Overview

This project explores the design and optimization of a variable MEMS capacitor for real-time antenna tuning in RF circuits. Utilizing a comb-drive actuator design for C2 in the Pi-filter, the device dynamically adjusts capacitance to compensate for variations in antenna impedance Z0 around its nominal value of 50 Ω. See the final IEEE report and presentation for more detailed information about the project.

Methodology

Consisting of fixed capacitor C1, inductor L, and variable MEMS capacitor C2, the filter is designed with a center frequency of 2.4 GHz to support common wireless communication bands. The comb drive variable MEMS capacitor was designed to enable precise capacitance tuning through electrostatic actuation. Precise voltages applied across the fingers induce electrostatic forces that push/pull the movable fingers, altering the capacitance with the change in overlapping area. Key parameters such as finger thickness, length, and the number of movable fingers were optimized to achieve maximum tuning range while minimizing power consumption and footprint.

Implementation

The mechanical behavior of the comb drive was modeled to ensure a balance between electrostatic force and the restoring force provided by the integrated spring structure. A series of optimization analyses were conducted to determine the ideal design parameters for the comb drive. A MATLAB sweep analysis was performed (with constant C1 = 1.206 pF and C2 = 1.666 pF) that revealed an ideal inductor value of L = 2.64 nH to minimize the number of capacitance fingers in the comb drive and the number of fingers in the spring structure at 187. The study identified a balance between performance and physical constraints, allowing the capacitor to achieve a tunable range of 2.056 pF to 1.367 pF for input voltages between 0 V and 3.3 V, respectively.

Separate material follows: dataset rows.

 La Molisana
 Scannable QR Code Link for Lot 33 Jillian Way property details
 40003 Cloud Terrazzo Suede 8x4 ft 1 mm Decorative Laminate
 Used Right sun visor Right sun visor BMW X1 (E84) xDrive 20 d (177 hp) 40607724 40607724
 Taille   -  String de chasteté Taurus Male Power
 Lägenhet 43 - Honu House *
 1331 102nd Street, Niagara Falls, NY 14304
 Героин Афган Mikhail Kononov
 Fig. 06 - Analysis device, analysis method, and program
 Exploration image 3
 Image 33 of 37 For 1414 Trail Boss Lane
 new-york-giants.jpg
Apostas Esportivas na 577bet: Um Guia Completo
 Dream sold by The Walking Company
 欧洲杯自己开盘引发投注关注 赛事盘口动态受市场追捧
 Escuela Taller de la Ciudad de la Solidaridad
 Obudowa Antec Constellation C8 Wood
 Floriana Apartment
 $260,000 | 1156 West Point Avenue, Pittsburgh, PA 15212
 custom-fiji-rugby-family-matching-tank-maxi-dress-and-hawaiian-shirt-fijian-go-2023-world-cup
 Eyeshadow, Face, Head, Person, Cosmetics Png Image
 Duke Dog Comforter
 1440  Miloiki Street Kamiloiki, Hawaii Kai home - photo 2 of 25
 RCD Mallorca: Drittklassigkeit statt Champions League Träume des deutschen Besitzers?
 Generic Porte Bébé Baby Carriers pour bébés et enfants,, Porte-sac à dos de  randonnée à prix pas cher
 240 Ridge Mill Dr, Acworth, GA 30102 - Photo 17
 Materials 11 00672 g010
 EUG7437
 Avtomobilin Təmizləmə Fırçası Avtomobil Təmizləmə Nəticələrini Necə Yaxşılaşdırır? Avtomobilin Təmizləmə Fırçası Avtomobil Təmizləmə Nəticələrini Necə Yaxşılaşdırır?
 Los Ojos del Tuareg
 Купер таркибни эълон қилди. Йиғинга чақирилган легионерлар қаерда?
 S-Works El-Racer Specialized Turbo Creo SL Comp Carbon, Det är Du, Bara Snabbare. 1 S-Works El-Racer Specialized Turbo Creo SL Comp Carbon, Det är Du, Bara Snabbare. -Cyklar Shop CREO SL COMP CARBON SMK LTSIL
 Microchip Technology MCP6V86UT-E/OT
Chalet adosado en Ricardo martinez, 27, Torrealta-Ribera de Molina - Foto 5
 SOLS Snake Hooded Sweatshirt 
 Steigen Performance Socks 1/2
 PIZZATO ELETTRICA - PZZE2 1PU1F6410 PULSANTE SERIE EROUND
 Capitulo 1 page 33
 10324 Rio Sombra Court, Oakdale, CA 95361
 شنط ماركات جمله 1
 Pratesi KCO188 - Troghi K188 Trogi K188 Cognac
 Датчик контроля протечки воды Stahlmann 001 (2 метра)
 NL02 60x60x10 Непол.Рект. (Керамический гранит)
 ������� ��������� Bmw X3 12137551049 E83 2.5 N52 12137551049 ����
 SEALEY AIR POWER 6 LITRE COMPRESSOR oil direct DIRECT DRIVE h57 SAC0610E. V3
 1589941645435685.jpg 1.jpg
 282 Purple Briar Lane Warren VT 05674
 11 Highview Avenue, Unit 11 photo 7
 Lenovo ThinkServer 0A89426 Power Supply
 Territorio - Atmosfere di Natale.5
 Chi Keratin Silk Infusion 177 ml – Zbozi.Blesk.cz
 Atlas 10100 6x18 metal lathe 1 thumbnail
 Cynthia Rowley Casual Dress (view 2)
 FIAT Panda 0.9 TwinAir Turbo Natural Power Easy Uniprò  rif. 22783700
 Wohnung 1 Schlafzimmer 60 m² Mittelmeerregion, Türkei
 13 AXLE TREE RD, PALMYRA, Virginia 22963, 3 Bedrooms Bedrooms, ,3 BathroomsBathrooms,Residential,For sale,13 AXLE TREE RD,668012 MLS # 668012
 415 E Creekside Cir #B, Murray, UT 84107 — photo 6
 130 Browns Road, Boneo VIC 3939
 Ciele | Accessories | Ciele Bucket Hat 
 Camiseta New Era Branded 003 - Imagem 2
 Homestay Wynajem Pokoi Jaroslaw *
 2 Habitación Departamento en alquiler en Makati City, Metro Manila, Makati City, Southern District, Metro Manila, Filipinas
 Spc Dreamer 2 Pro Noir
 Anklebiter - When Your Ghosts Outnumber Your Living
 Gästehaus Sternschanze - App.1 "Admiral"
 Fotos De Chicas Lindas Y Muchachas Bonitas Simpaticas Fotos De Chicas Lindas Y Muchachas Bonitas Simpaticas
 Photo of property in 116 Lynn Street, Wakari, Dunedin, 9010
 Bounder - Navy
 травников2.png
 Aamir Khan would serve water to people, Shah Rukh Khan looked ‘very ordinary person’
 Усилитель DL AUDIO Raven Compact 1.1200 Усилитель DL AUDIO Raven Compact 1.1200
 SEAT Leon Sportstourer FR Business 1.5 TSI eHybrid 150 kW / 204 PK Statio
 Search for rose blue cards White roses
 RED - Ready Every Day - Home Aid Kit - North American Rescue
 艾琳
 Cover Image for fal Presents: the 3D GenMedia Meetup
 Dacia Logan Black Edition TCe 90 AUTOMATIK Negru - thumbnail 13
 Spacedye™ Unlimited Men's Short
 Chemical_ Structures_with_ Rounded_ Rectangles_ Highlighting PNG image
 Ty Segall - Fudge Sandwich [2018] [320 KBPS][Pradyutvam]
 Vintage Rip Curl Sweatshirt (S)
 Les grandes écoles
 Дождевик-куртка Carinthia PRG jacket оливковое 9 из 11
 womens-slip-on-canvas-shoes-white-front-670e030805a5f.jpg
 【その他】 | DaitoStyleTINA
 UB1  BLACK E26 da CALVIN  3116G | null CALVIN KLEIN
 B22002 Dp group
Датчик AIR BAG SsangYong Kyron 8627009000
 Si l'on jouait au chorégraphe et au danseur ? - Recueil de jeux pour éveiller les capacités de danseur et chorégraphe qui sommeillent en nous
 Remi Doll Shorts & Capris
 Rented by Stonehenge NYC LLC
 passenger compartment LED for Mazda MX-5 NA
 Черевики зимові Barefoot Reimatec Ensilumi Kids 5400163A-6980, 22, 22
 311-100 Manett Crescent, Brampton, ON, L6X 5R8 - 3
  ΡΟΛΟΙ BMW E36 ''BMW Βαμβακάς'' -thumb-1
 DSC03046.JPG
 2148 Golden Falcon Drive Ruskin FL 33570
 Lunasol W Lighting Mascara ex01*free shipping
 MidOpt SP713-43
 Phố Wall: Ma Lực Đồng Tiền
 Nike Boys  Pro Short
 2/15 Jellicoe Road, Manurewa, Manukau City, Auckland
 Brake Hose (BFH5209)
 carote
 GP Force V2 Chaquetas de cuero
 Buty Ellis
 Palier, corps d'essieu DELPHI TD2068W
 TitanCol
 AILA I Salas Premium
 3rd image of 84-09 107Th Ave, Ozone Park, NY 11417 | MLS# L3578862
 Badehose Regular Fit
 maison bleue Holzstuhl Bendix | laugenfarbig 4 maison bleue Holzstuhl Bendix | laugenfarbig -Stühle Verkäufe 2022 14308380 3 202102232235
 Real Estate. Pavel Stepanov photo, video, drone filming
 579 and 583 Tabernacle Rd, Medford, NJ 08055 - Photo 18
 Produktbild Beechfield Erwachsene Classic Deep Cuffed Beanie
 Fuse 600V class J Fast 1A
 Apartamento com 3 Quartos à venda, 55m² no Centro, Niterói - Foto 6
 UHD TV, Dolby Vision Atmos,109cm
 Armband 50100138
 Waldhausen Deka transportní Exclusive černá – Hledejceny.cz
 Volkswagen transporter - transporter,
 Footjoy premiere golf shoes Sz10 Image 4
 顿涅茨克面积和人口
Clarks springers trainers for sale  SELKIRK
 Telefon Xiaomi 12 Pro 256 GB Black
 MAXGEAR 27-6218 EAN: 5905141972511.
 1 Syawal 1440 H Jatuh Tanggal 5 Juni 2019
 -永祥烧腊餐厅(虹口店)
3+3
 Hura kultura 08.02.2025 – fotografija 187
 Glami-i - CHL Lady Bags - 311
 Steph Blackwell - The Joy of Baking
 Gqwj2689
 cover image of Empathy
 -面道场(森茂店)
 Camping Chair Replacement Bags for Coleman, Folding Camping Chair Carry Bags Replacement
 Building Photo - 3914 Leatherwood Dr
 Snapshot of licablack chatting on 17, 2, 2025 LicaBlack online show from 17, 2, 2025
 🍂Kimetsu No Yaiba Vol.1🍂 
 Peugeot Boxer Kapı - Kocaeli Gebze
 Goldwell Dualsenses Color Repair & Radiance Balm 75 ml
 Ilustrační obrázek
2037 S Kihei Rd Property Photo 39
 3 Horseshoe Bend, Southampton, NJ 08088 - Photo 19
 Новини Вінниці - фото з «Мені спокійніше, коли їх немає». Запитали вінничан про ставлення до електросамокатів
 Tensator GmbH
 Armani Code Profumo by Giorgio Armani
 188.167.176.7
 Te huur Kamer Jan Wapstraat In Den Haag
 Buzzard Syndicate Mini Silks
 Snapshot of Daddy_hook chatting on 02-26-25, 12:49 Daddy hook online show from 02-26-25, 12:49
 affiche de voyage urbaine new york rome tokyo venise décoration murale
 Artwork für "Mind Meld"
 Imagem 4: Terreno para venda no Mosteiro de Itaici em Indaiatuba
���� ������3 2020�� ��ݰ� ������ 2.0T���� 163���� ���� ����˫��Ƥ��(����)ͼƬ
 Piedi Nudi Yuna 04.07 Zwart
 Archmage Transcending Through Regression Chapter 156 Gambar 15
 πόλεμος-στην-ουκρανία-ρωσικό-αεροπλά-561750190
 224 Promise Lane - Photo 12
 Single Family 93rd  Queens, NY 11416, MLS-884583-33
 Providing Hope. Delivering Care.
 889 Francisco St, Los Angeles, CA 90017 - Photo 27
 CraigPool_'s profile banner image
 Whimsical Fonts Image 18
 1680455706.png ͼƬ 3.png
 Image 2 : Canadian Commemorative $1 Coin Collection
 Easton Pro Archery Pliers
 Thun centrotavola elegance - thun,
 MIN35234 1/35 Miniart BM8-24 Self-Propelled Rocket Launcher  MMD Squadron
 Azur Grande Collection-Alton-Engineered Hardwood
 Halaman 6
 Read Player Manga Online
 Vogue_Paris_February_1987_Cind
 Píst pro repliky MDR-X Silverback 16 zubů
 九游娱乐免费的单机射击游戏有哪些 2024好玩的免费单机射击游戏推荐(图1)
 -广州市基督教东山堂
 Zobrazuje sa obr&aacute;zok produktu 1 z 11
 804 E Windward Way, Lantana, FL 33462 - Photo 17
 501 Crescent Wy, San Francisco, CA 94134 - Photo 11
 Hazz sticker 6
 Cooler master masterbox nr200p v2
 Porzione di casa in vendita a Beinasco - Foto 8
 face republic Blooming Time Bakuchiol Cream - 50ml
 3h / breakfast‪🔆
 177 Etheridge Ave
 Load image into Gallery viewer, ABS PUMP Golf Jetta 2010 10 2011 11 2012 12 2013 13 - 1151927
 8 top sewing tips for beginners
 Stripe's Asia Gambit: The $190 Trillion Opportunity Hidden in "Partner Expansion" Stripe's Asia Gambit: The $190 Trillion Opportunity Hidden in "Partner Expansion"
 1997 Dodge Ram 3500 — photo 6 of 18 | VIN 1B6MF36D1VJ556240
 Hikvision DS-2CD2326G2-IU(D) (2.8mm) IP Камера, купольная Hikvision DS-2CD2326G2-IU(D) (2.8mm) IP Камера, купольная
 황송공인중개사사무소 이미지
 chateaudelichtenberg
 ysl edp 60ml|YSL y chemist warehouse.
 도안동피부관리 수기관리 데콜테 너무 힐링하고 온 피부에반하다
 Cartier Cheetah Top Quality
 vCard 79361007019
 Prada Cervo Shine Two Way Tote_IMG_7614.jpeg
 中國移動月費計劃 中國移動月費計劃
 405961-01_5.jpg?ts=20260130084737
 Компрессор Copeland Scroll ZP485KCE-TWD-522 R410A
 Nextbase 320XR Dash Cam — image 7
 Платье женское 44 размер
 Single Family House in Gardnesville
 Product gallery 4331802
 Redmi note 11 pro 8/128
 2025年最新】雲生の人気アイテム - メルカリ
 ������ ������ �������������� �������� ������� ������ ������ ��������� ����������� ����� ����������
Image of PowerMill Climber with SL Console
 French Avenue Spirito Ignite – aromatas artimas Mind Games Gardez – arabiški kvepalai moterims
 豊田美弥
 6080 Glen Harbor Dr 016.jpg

Microfabrication Processes

Two distinct microfabrication processes were proposed for manufacturing the MEMS capacitor. The first process, shown below, used LPCVD, DRIE etching, and lift-off techniques to fabricate the silicon-based comb drive structure. This method ensured precise feature definition but required careful control over deposition and etching steps. The second process leveraged electroplating and low-temperature fabrication to minimize residual stress in the comb structure, improving structural integrity and manufacturability. Both methods were evaluated based on feasibility, cost-effectiveness, and compatibility with modern MEMS fabrication techniques and are outlined in further detail in the report.